1. A combined piston structure for a compressor, comprising a first piston ring, a second piston ring, an expandable ring, a guide ring and a piston, a side of the first piston ring having a slit defined as a first cut, an upper end of an outer surface of the first piston ring being provided with an annular protruding portion;

a side of the second piston ring having a slit defined as a second cut;

a side of the expandable ring having a slit defined as a third cut;

the guide ring being annular and made of a self-lubricating material having a low friction coefficient, a side of the guide ring having a V-shaped opening;

an upper end of an outer surface of the piston being provided with an annular first groove, an annular second groove being disposed below the first groove.

2. The combined piston structure as claimed in claim 1, wherein the first piston ring and the second piston ring are made of a wear-resistant, corrosion-resistant, self-lubricating airtight material.

3. The combined piston structure as claimed in claim 1, wherein the expandable ring is fitted in a position wherein the first groove is, the first piston ring and the second piston ring are sequentially fitted in the position, and the second piston ring is in close contact with the annular protruding portion of the first piston ring.

4. The combined piston structure as claimed in claim 1, wherein the first groove has a width matching that of the expandable ring, and the second groove has a width matching that of the guide ring.

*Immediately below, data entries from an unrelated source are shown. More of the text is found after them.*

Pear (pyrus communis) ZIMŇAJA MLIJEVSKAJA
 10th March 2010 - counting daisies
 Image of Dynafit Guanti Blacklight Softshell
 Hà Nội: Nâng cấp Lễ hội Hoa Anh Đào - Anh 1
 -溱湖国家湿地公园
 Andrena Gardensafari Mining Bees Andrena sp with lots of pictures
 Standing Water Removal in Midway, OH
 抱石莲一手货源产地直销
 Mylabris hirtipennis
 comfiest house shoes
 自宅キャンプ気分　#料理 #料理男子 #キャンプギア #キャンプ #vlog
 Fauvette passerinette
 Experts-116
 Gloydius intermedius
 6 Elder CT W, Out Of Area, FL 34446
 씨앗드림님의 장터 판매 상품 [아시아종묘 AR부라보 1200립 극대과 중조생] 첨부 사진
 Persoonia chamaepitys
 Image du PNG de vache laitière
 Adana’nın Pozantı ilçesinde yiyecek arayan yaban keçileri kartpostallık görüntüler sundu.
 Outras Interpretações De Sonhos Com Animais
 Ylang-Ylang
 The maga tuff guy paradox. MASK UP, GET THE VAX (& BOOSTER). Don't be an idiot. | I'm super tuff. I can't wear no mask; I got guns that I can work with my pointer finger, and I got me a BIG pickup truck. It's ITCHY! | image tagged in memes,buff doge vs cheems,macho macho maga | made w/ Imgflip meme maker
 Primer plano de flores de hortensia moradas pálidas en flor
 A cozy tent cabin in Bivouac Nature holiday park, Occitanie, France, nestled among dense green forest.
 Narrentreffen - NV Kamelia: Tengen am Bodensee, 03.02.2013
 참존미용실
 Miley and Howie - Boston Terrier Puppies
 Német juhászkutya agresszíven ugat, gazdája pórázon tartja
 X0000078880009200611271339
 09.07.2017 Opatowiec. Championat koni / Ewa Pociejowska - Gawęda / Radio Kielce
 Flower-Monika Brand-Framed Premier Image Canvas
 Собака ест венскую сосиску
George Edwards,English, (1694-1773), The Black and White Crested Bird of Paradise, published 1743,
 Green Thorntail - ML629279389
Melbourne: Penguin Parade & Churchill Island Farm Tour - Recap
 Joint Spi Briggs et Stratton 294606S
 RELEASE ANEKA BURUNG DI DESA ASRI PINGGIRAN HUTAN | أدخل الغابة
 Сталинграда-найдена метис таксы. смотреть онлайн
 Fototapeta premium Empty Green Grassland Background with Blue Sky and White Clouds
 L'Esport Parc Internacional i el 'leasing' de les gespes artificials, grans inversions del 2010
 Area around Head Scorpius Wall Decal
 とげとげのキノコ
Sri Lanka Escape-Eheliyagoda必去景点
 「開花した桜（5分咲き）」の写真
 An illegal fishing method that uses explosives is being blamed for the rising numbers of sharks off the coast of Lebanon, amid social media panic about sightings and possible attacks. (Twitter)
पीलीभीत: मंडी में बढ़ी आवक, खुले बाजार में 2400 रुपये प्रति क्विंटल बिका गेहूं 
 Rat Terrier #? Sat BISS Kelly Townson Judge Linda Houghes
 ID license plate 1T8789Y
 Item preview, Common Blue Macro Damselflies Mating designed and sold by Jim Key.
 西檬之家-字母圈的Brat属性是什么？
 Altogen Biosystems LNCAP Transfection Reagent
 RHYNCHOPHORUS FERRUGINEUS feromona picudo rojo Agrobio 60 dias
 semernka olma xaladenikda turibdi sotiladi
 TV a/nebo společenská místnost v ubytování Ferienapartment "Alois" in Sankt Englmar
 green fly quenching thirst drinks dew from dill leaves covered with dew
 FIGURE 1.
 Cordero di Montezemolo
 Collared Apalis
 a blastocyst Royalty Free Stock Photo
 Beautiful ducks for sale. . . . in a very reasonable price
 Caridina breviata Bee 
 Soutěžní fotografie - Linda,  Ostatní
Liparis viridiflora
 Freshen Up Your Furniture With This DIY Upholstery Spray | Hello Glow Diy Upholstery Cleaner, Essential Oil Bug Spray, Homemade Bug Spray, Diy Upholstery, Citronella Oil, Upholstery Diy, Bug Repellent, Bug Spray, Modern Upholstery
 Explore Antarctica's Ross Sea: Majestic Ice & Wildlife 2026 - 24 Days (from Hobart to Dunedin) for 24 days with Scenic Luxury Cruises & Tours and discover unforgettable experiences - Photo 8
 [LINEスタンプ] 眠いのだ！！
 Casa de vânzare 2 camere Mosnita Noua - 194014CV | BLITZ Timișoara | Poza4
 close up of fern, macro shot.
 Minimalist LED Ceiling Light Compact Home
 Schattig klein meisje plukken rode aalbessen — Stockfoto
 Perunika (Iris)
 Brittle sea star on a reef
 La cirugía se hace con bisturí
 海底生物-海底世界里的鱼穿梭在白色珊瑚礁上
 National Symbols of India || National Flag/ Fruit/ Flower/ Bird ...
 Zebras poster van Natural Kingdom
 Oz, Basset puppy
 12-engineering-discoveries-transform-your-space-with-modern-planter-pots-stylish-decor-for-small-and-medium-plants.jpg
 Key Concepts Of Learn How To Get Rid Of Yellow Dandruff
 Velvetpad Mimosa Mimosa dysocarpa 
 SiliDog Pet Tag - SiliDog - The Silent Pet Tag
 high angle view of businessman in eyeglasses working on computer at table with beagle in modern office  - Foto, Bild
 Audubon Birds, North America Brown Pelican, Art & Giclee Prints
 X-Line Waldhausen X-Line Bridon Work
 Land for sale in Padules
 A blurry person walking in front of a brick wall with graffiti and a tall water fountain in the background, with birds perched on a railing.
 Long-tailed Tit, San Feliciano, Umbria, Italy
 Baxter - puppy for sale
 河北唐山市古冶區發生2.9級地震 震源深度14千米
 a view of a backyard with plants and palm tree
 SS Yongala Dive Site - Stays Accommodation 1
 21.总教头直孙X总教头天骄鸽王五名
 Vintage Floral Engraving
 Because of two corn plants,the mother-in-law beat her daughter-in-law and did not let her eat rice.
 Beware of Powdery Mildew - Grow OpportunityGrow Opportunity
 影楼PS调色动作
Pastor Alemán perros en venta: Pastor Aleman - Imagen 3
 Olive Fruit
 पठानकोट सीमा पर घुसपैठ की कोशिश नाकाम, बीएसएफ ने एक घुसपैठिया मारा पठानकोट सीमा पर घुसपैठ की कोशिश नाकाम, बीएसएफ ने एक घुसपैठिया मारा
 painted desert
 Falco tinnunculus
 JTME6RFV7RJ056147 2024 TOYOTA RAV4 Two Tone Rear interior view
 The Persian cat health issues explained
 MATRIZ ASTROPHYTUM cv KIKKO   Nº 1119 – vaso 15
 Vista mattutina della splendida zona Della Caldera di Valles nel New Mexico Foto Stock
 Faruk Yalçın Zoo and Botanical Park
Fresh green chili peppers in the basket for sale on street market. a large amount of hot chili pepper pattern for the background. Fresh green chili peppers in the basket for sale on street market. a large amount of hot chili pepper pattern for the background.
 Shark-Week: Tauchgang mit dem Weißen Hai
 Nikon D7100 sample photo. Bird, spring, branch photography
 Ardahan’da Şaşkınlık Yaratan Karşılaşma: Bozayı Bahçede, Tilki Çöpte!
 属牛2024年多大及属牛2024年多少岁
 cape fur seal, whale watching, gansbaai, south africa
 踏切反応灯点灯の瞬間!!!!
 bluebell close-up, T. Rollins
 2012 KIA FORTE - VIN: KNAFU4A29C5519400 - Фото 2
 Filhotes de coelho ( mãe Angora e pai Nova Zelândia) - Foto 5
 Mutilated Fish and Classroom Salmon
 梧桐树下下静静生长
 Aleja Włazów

5. The combined piston structure as claimed in claim 1, wherein the expandable ring, the first piston ring and the second piston ring are matched with each other in dimension, and the first piston ring has radial and axial thicknesses greater than those of the second piston ring.

6. The combined piston structure as claimed in claim 1, wherein the first cut of the first piston ring and the third cut of the expandable ring are staggered, the second cut of the second piston ring and the first cut of the first piston ring are staggered.